Elon Musk’s offer to buy Twitter for $43 million has now made it to Saturday Night Live. The show made fun of the business magnate during the Weekend Update segment.
Hosts Colin Jost and Michael Che traded lines about the proposed deal. Che started by saying that Musk made the offer so that he could loosen its free speech rules. He said:
“That’s how badly White guys want to use the N-word.”
Meanwhile, Jost wondered why Musk wanted to buy Twitter and said that it used to be something that seemed important and fun, and now he looks at it as confusing and depressing.
“And come on, Elon built electric cars, he’s going to Mars, why is he even involving himself with Twitter? It would be like if the Prince of England gave it all up for just to marry an actor from Suits.”
During the show’s opening sketch, cast member Mikey Day, as Musk, said he was making a bid to purchase Easter by offering $43 billion.
Elon Musk offers to buy Twitter
Elon Musk offered to buy Twitter and make it private.

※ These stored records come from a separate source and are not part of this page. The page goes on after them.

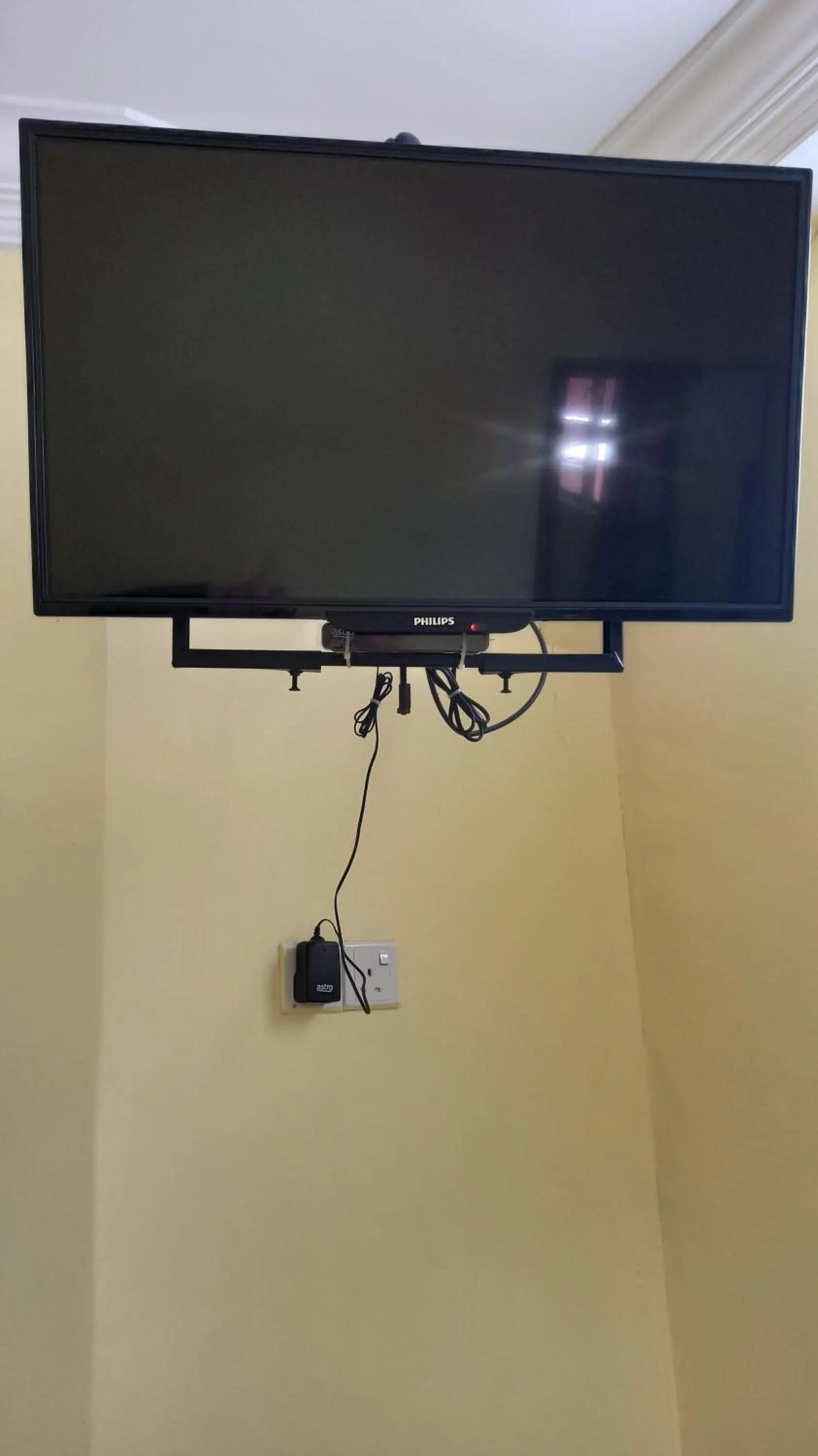 TV and multimedia in Ria Cameron Hotel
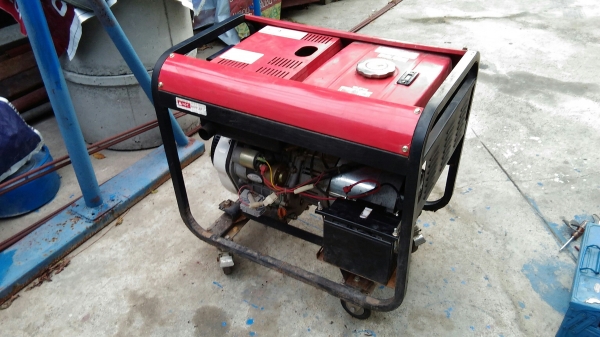 ขายเครื่องปั่นไฟดีเซล 5000es 220v สตาร์ทมือมีล้อเข็ญมี คลิปติดเครื่องให้ดูครับ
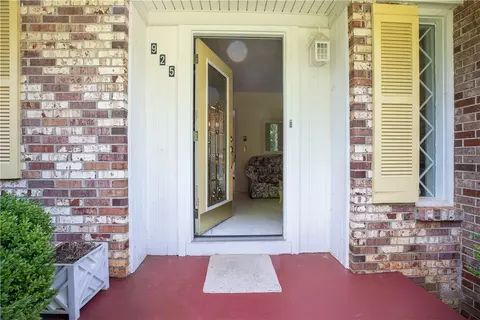 Entry Way - 925 Robinhood Dr, Walhalla, SC 29691 photo 1 of 1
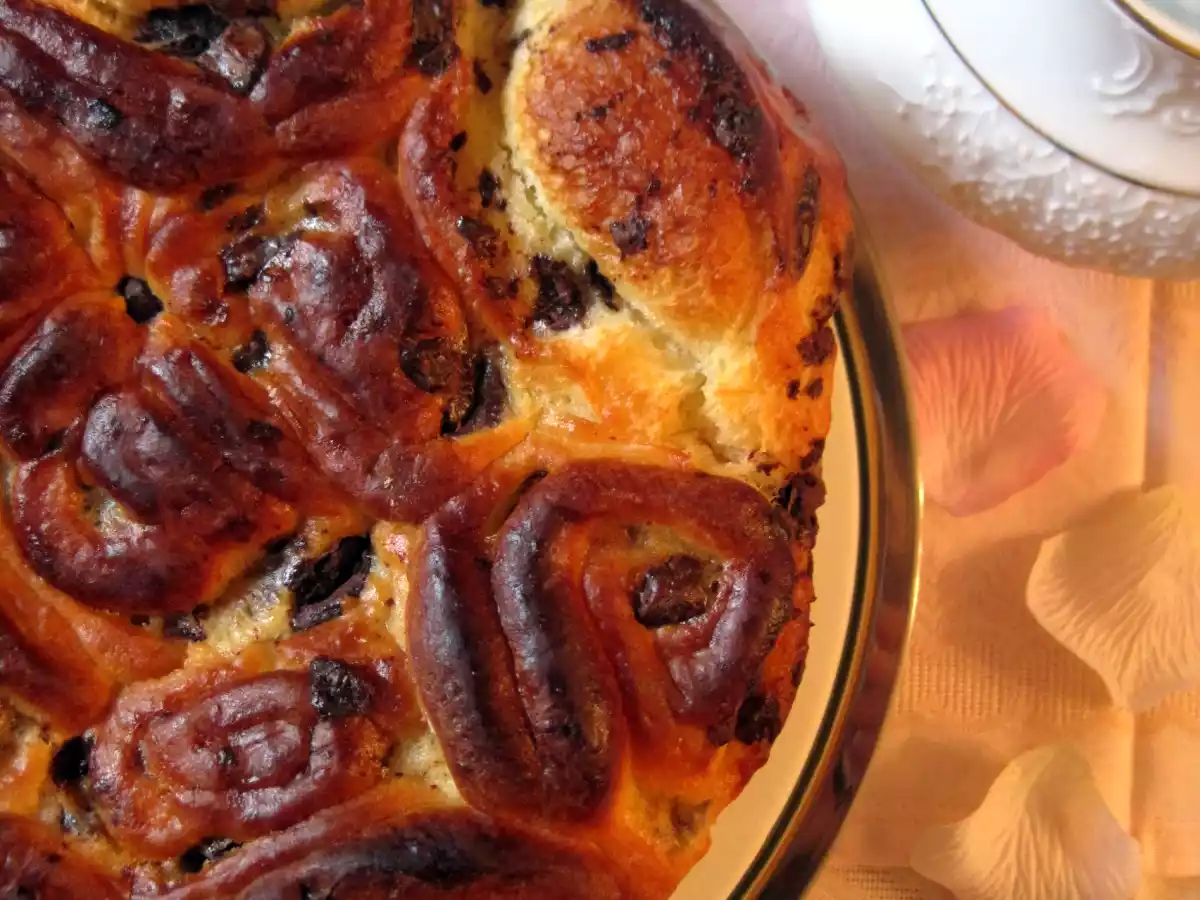 Torta di rose con crema pasticcera e gocce di cioccolato - foto 3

He made the offer because he felt that the company needed to be transformed.
An SEC filing stated that Musk offered to acquire all the shares on Twitter he does not own for $54.20 per share, valuing the company at $41.4 billion.
This represents a 38% premium over the closing price on April 1, the last trading day before Musk revealed that he had become Twitter’s biggest shareholder. It also represents an 18% premium over its closing price on April 13.
The Tesla Motors CEO said it was his best and final offer, according to the SEC filing. He added that if it is not accepted, he would have to reconsider his position as a shareholder.
The entrepreneur sent an offer letter to the company on Wednesday night which read:
“I invested in Twitter as I believe in its potential to be the platform for free speech around the globe, and I believe free speech is a societal imperative for a functioning democracy. However, since making my investment I now realize the company will neither thrive nor serve this societal imperative in its current form. Twitter needs to be transformed as a private company.”
Twitter issued a statement on April 14 confirming that they had received the offer. They said the board would carefully review the proposal to determine the course of action that they believe is in the best interests of the company and all Twitter stockholders.
However, Wedbush Securities’ tech analyst Dan Ives said it would be difficult for Twitter to reject Elon Musk’s bid at the price he is offering. Ives said:
“Musk is putting the Twitter board’s backs against the wall. The premium is at a level that will be hard to see other bids occurring.”
To get a return on a bid this high, Twitter needs to do more to bring in subscriber revenue and cut costs. Musk’s commitment to using the company to promote greater free speech doesn’t do much except increase its profitability.
“Musk making this about free speech is the exact opposite of what every other corporate raider would do about monetizing the company’s value. It’s historic and bizarre at the same time.”